In joint work with Paul Valiant, we consider the tasks of estimating a broad class of statistical properties, which includes support size, entropy, and various distance metrics between pairs of distributions. Our estimators are the first proposed estimators for these properties which use a sub-linear number of samples, and are based on a novel approach of approximating the portion of the distribution from which one has seen no samples. There are several implications of our results, including resolving the sample complexity of the ‘distinct elements problem’ (given a vector of length n, how many indices must one query to accurately estimate the number of distinct elements?), and entropy estimation (given samples from a distribution of support n, how many samples are necessary to estimate the entropy to within an additive constant?); we show that for both problems, on the order of n/log n samples are sufficient.

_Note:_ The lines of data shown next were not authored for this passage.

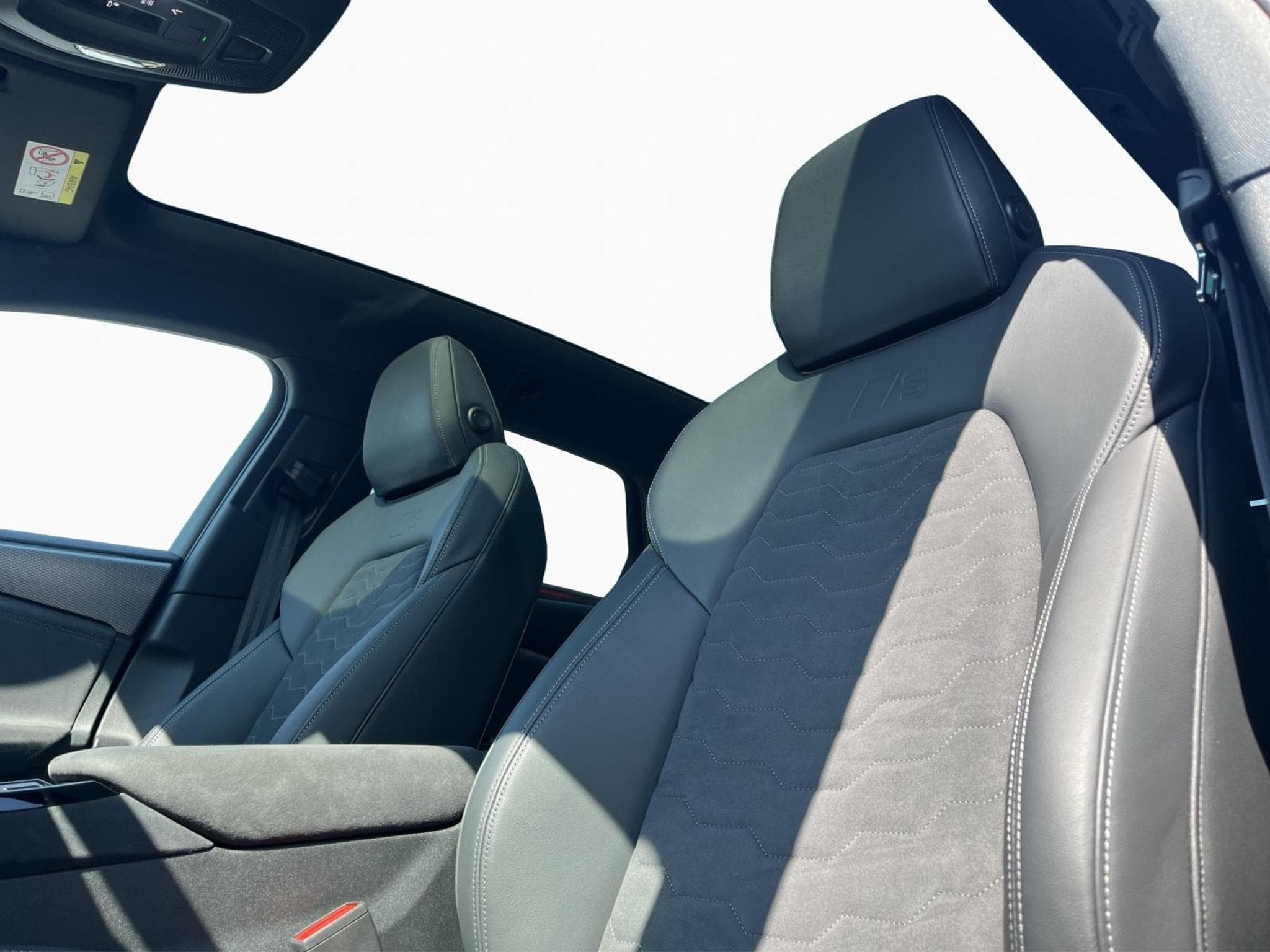 Audi A6 Edition Blue Avant e-tron (2025) - Photo 13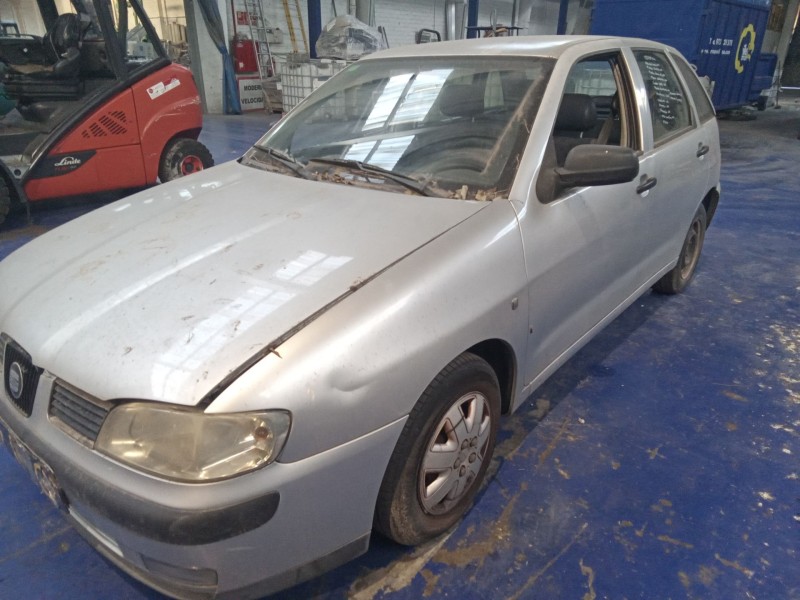 seat ibiza (6k1) del año 2001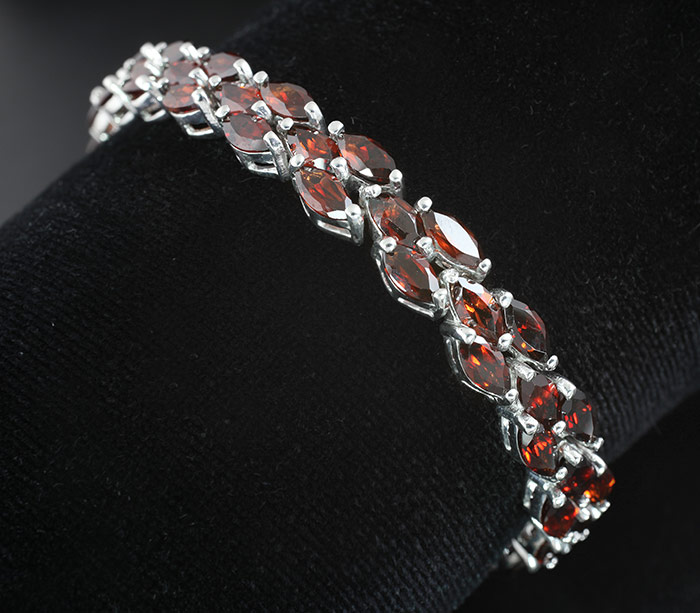 серебряный браслет женский с гранатом. гранатовый браслет санлайт. серебряный браслет женский с гранатом. серебряный браслет женский с гранатом. браслеты из серебра женские с гранатом.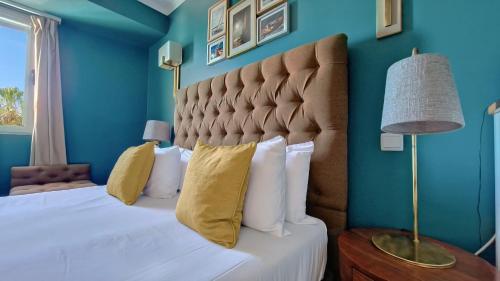 Ponta Beachside by LovelyStay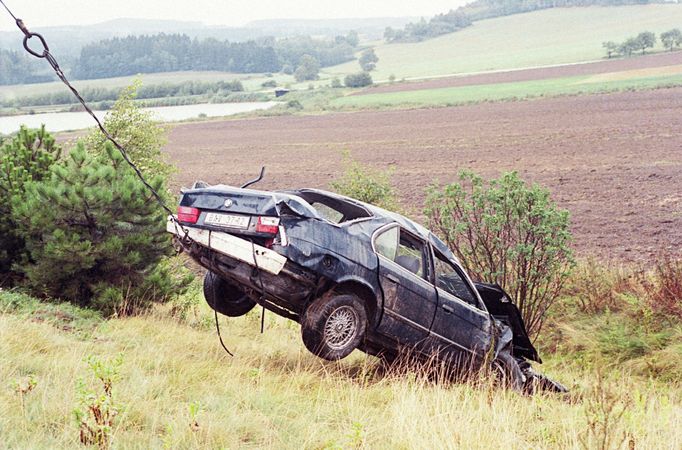 Tragická nehoda Alexandra Dubčeka 7. 11 v roce 1992. Pohled na jeho zdemolovanou limuzínu. Fotografie ze života Alexandra Dubčeka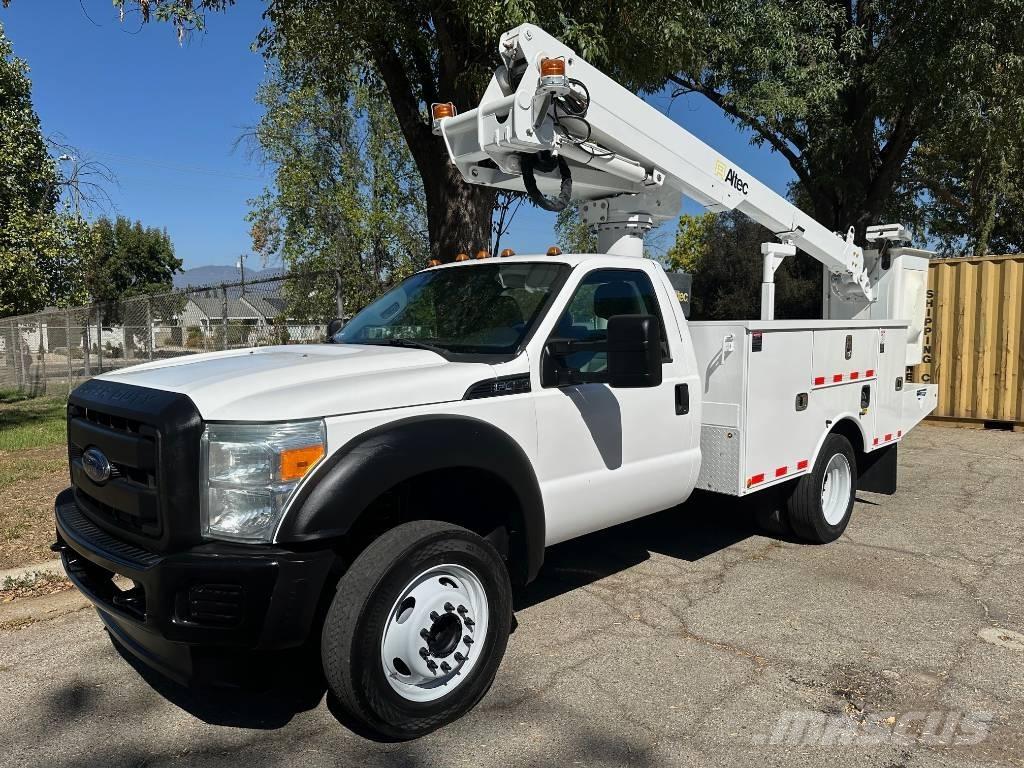 Altec AT 235 Автовишки на базі вантажівки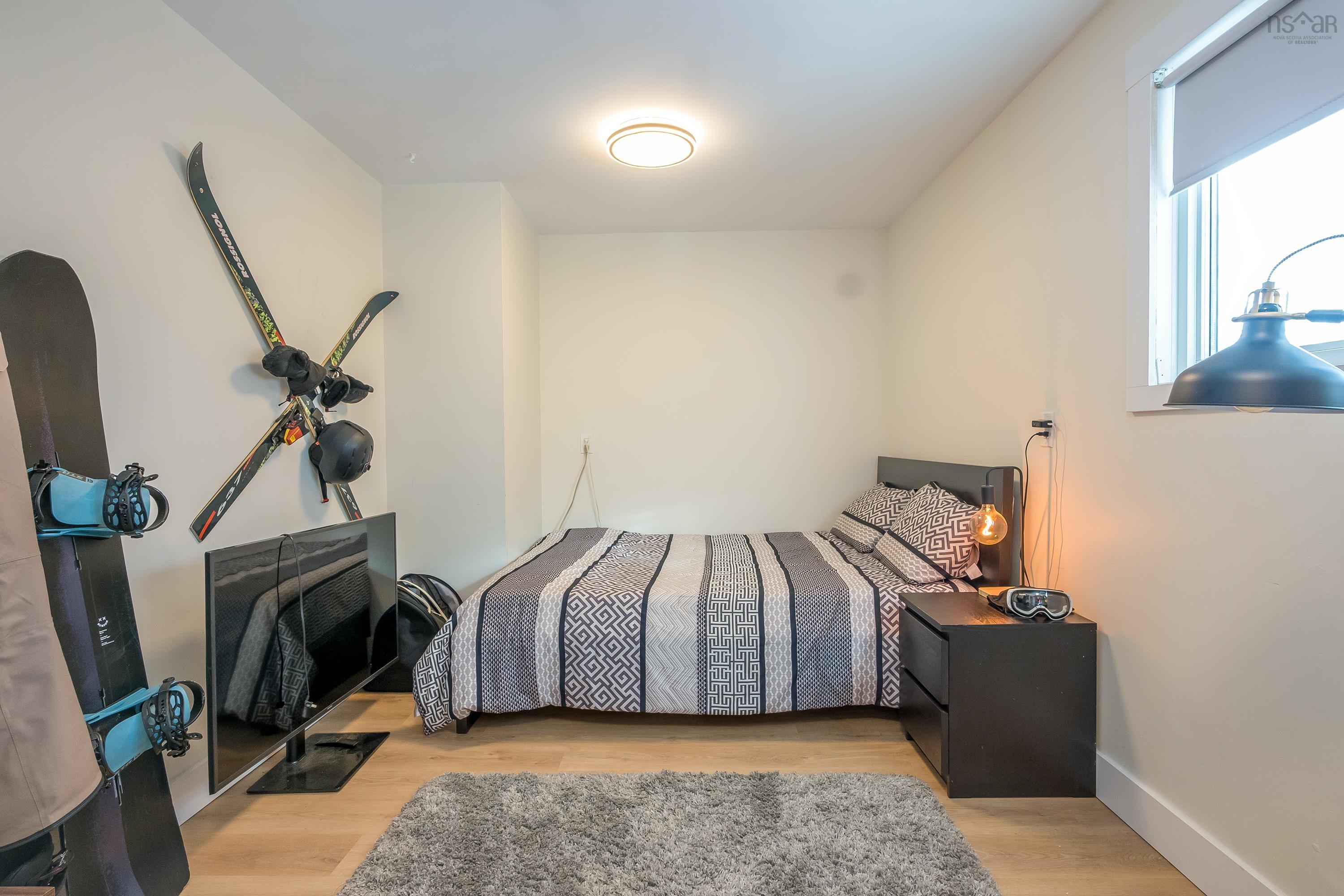 $489,900.00: 14371 Highway 4, Wentworth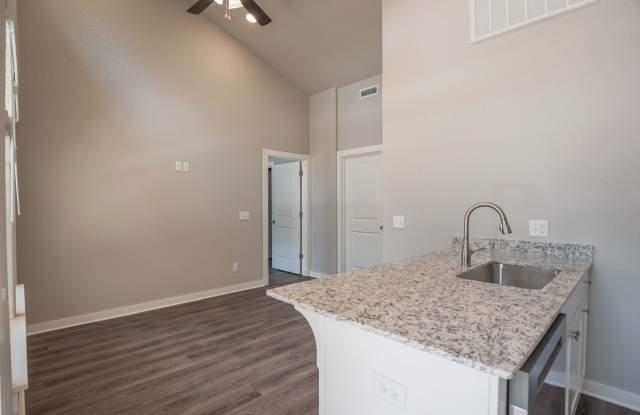 Nice! 2 Bath Home!! Gallery 3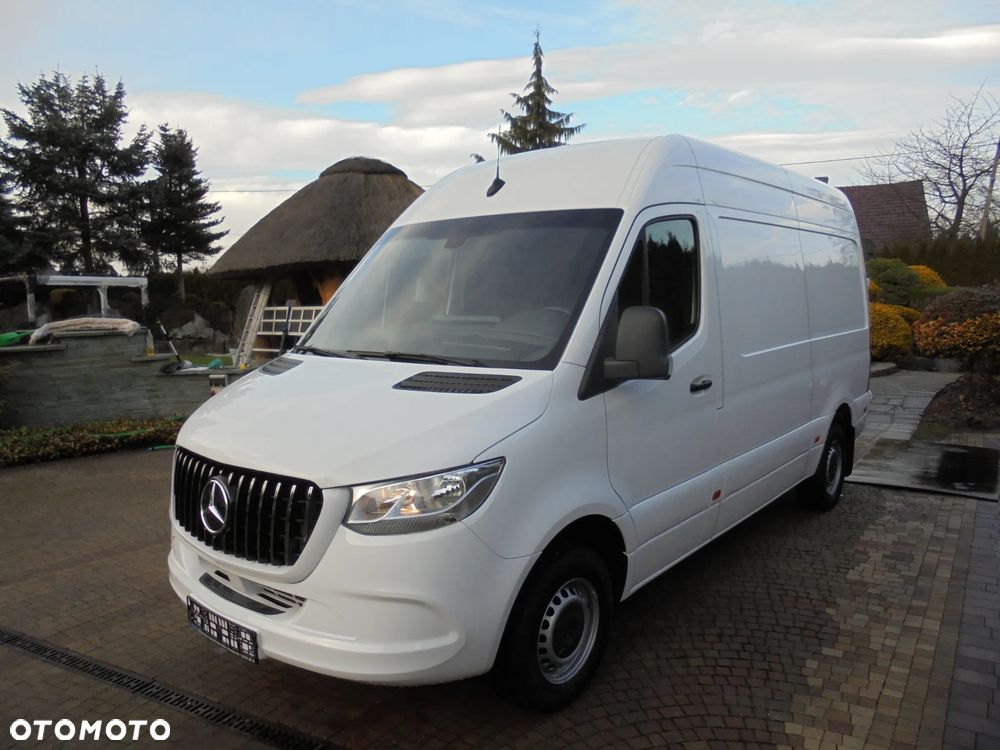 Mercedes-Benz SPRINTER 319 CDI - 3
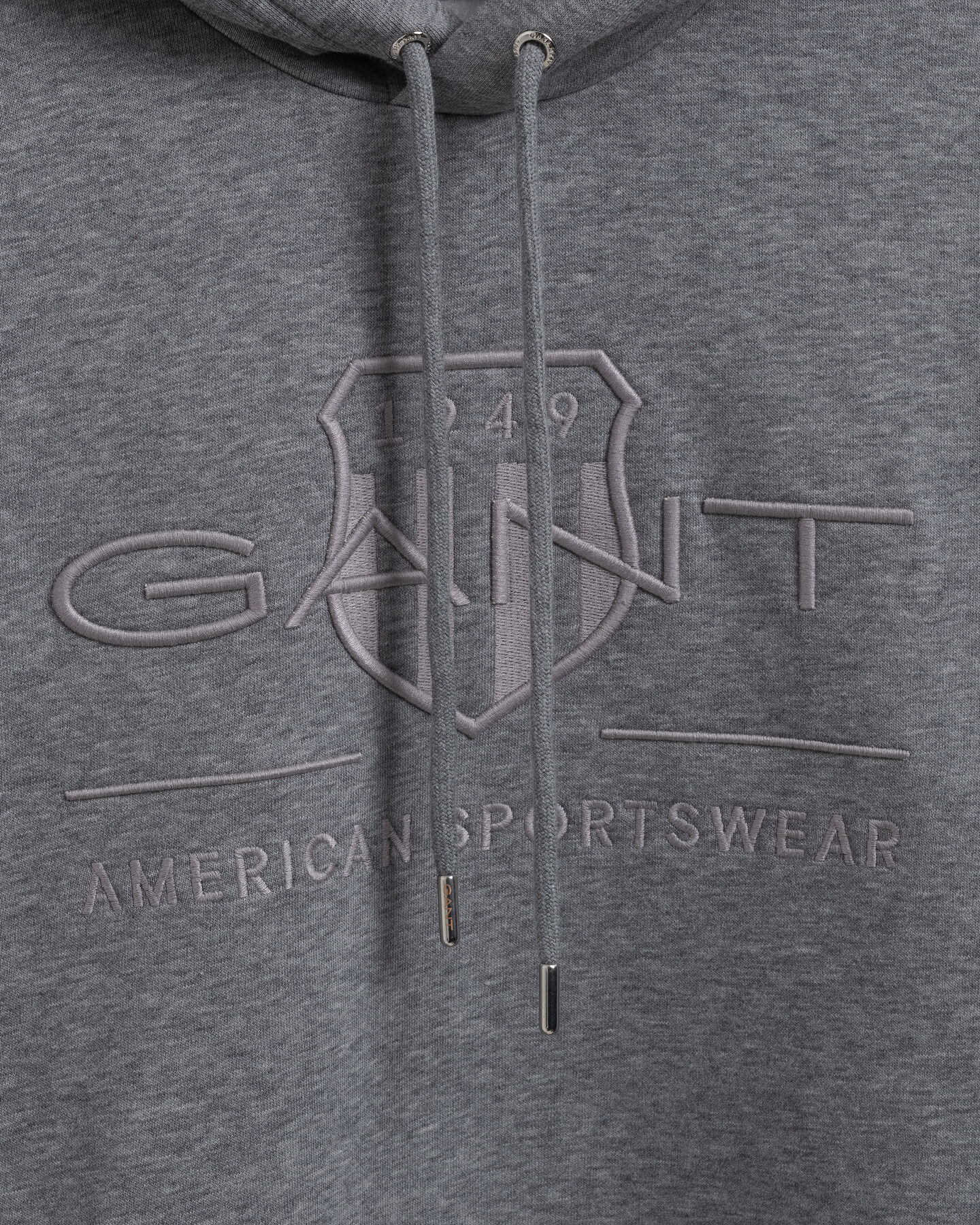 Sweat &agrave; capuche avec &eacute;cusson ton sur ton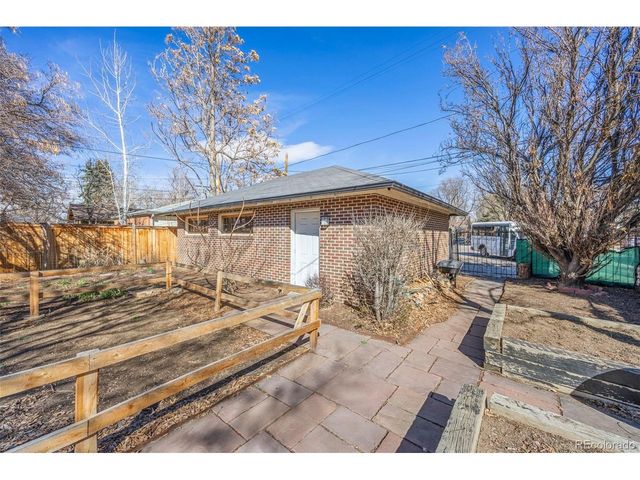 2056 Forest St, Denver, CO 80207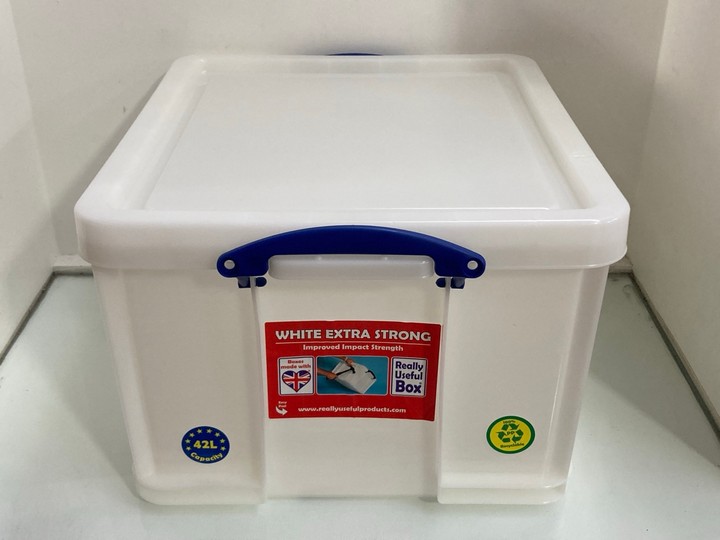 Lot 1096  
            Marchington SR11 - Parcel Delivery Only 

                
LIDDED PLASTIC HOME STORAGE BOX: LOCATION - BR9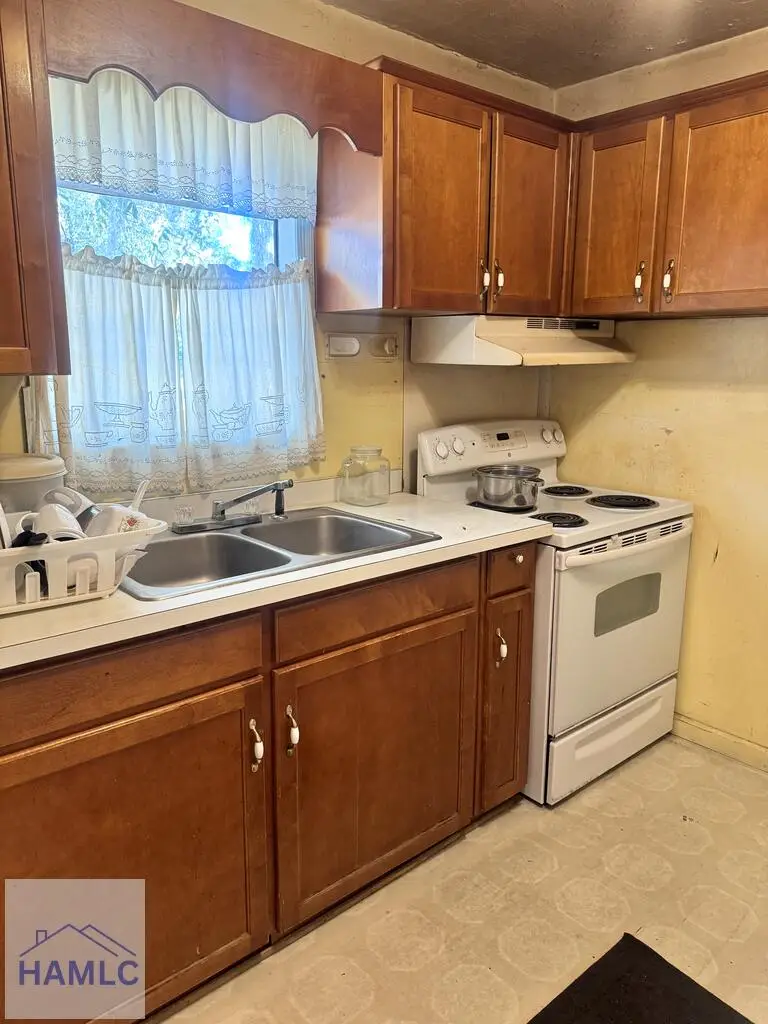 706 Poplar Street, Jesup, GA 31545 - #3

Additionally, we show that, up to constant factors, our estimators are optimal, improving significantly upon the prior lower-bounds. The analysis of our matching lower bounds makes crucial use of two new multivariate central limit theorems that appear quite natural and general. The first is proven directly via Stein's method; the second is proven in terms of the first using a recent generalization of Newton's inequalities. The talk will include a high level overview of these techniques, and their application both in our context and more generally.